Properties of the least squares estimates Jan 18 2019

Warmup

Let \(a\) and \(b\) be scalar constants, and \(X\) be a scalar random variable.

Fill in the blanks \[ \begin{aligned} \E{aX + b} &= \underline{\phantom{a \E{X} + b}} \\ \Var{aX + b} &= \underline{\phantom{a^2 \Var{X}}} \end{aligned} \]

Goal

Recall that the least squares estimates are: \[ \hat{\beta}_{p\times1} = \left( X^TX \right)^{-1} X^Ty \]

Our goal today is to learn about the statistical properties of these estimates, in particular their expectation and variance.

Random Vectors

\(\hat{\beta}\) is a vector-valued random variable, so we first need to cover a little more background.

Let \(U_1, \ldots, U_n\) be scalar random variables. Then the vector \[ \mathbf{U} = \left( U_1, \ldots, U_n \right)^T \] is a vector valued random variable, a.k.a. a random vector.

The expectation of \(\mathbf{U}\) is the vector of expectations, \[ \E{\mathbf{U}} = \left(\E{U_1}, \ldots, \E{U_n} \right)^T \]

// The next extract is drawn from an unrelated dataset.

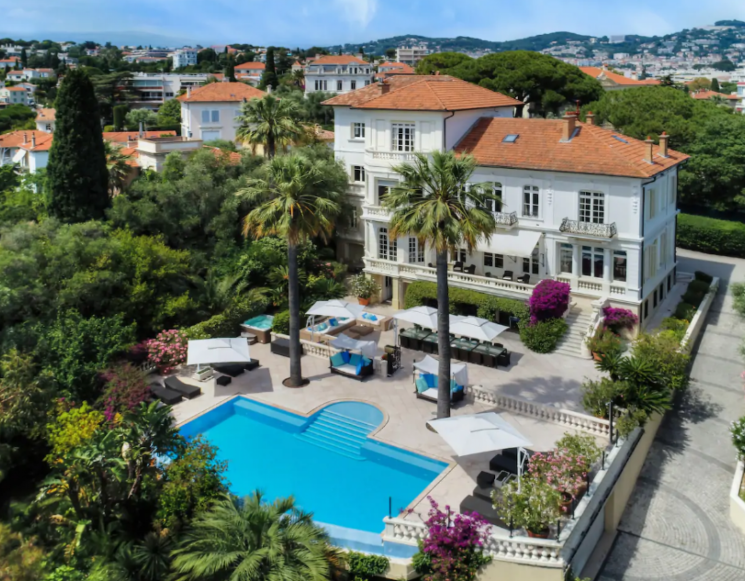 Location d'une villa belle époque vue mer à Cannes - ref 3549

And the variance-covariance matrix of \(\mathbf{U}\) is \[ \Var{\mathbf{U}} = \Cov{\mathbf{U}} = \begin{pmatrix} \Var{U_1} & \Cov{U_1, U_2} & \cdots & \Cov{U_1, U_n} \\ \Cov{U_2, U_1} & \Var{U_2} & \cdots & \Cov{U_2, U_n} \\ \vdots & \vdots & \ddots & \vdots \\ \Cov{U_n, U_1} & \Cov{U_n, U_2} & \cdots & \Var{U_n} \end{pmatrix}_{n\times n} \]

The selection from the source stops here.